Even more obvious is how Iowa depends on corn ethanol crop yields, another conflict of interest when they warn about climate quackery.
Great one, Tony! Keep it up! The belief in credentialed experts is at an all time high. If there ever was a True Believer he had to have been a leftie.
Tony, I Love how you have the graphs in all your videos they are great visuals that show all your work!
I would love to use some of these in a presentation I’m doing, Are they yours, do you have the source if not? Can you limit your data set by state and/or Lat/Long?
My presentation will be semi local to NY, and north of N42 Lat? You can email me using the email I posted below if you would like.

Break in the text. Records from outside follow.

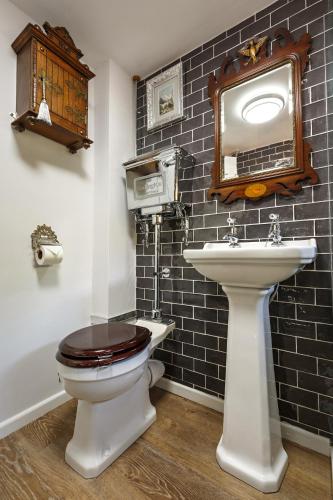 a bathroom with a toilet and a sink at Georgina in Lavenham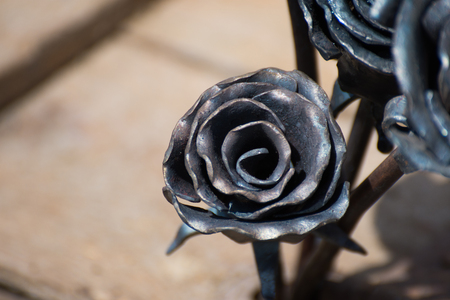 A metal forged rose in hot fireの写真素材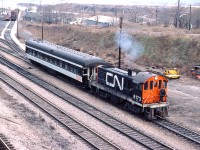 CN 8173 moves a business car through the yard at Hamilton.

Thanks for all the hard work
Hey Jk! You may want to download Tony’s software for analyzing the temperature record. He makes it open source and freely available.
https://realclimatescience.com/unhiding-the-decline-for-windows/
https://realclimatescience.com/unhiding-the-decline-for-linuxmac/
Although I am not interested in this topic I must admit you have a very smoothing voice Tony and are well spoken.
Andy
Tony, my hypothesis for the reason the Midwest has become more temperate over the past 125 years is due to man spreading water.
Hear me out.
We are seeing less extremes in temperature over time in the Midwest. The data you have presented on this site show this. We are seeing higher low temperatures and lower high temperatures. Thus temperate.
Why?
Because man is spreading water throughout the Midwest by irrigation.

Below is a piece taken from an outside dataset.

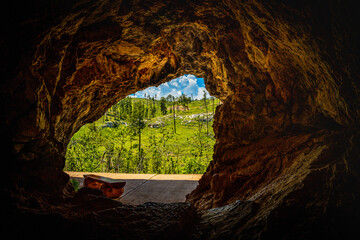 Jewel Cave National Monument Historic Site with outside hill view: The Beautiful Rock Formation and Opening at Custer State Park, Black Hills Country, South Dakota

Water evaporating during the day removes energy from the local atmosphere. It specifically removes 2256 kJ/kg of energy per unit mass of water. Evaporation is an endothermic process it removes energy (aka, heat). With more water in the Midwest due to man irrigating Midwest farmland more heat is removed during the day time hours thus we see lower high temperatures as the volume of water increases in the Midwest.
The opposite is true at night.
Condensation occurs. Condensation is an exothermic process. As water condenses it releases the same energy (aka, heat) as it took up in the evaporation process during the day. The release of heat due to condensation is leading to higher low temperatures.
This is what the temperature data is showing.
There is a correlation with CO2 but CO2 is not causing the more temperate Midwest. That correlation (as CO2 increases Midwest temperature range decreases) is simply accidental and totally disproves global warming theory if you try to apply a CO2/temperature correlation.
A much more plausible explanation for the more temperate Midwest is due to water and what I just previously explained. It’s the same reason coastal cities and island nations are, well, temperate.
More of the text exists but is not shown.